その昔実家に単行本がありまして、替え玉説に沿ったストーリーらしいとは知っていたので、伝奇とも言えるかなと思って購入しました。
和宮に成り代わって、江戸城に入った少女が、大奥に新風を吹き込む、といった有吉版『後宮伝説』だと思って読み始めたのですが・・・全然違いました!
現代ものであれば、身代わりにされることに気づいた主人公が反抗してみたり、身代わり相手に同情してみたり、最終的には自らの意志で歩んでみたりするとこですが・・・そこは江戸時代。和宮の身代わりとして選ばれた少女、フキにはまったく知らされません。本当に何にも知らされません。それはもうひどい扱い。しかしそれが本書のキモなんですよね、きっと。有吉氏もフキへの鎮魂歌であるようなことを言われていたらしいですし。

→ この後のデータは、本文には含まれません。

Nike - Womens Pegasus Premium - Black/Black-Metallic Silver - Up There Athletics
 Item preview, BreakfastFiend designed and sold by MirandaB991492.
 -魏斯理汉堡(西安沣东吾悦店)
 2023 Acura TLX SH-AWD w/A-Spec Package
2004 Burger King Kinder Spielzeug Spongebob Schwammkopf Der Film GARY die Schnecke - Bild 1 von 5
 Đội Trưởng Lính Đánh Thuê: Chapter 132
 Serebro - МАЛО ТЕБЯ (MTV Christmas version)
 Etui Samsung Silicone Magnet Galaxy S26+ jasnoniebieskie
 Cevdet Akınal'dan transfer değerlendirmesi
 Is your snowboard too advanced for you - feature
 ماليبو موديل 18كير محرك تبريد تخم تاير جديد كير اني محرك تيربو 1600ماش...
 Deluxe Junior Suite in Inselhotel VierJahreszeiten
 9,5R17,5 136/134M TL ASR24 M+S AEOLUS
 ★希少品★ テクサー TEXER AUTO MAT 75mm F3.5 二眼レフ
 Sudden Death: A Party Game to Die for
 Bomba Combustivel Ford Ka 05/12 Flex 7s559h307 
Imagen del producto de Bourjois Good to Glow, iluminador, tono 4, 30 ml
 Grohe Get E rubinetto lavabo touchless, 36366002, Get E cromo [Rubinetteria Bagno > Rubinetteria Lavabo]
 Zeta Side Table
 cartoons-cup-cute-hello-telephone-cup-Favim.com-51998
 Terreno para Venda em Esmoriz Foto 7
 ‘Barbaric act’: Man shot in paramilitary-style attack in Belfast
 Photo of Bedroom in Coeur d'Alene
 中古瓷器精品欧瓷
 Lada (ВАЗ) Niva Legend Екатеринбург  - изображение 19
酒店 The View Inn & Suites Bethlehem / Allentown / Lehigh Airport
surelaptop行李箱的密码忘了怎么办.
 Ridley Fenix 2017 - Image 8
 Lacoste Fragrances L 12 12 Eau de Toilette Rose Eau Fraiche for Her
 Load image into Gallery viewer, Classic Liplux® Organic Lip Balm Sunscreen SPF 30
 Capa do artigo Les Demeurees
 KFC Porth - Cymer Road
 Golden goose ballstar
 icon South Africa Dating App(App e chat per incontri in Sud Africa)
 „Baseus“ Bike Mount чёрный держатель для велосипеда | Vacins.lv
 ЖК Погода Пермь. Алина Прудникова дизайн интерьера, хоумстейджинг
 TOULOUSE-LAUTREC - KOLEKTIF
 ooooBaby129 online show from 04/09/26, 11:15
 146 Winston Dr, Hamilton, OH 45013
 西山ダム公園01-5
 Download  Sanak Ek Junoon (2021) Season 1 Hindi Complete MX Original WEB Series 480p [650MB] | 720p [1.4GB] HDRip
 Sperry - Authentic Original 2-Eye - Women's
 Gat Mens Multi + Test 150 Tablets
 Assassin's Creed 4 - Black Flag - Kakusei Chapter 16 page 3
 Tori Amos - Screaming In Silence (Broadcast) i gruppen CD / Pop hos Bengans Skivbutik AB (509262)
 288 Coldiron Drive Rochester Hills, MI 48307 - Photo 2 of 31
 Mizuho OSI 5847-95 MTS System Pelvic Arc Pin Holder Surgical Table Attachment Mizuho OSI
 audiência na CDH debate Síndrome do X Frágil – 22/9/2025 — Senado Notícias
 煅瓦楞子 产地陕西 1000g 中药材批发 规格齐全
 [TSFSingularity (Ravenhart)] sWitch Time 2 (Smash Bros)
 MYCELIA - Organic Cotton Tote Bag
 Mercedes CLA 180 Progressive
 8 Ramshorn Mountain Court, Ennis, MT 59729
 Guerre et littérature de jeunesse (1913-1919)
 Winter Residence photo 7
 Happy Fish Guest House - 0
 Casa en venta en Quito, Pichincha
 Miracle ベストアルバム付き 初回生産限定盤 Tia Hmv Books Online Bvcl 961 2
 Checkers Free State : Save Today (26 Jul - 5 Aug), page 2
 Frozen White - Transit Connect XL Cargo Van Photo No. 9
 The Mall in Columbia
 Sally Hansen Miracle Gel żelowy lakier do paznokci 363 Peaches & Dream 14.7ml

母は藪内流の茶道をやっているのですが、藪内の家元である藪内竹綺(ちくい)が出てくるので(一瞬ですけど)本書を読んだようですね。
それにしても一番気になるのは、和宮に仕える少進の心のありよう。彼女は何に対して忠誠を尽くしたのか? 和宮になのか? 御所に対して? それとも「和宮」という名前に対してなのか? ただただ、自らに与えられた役目を果たしただけなのでしょうか。それもとても悲しいなぁ。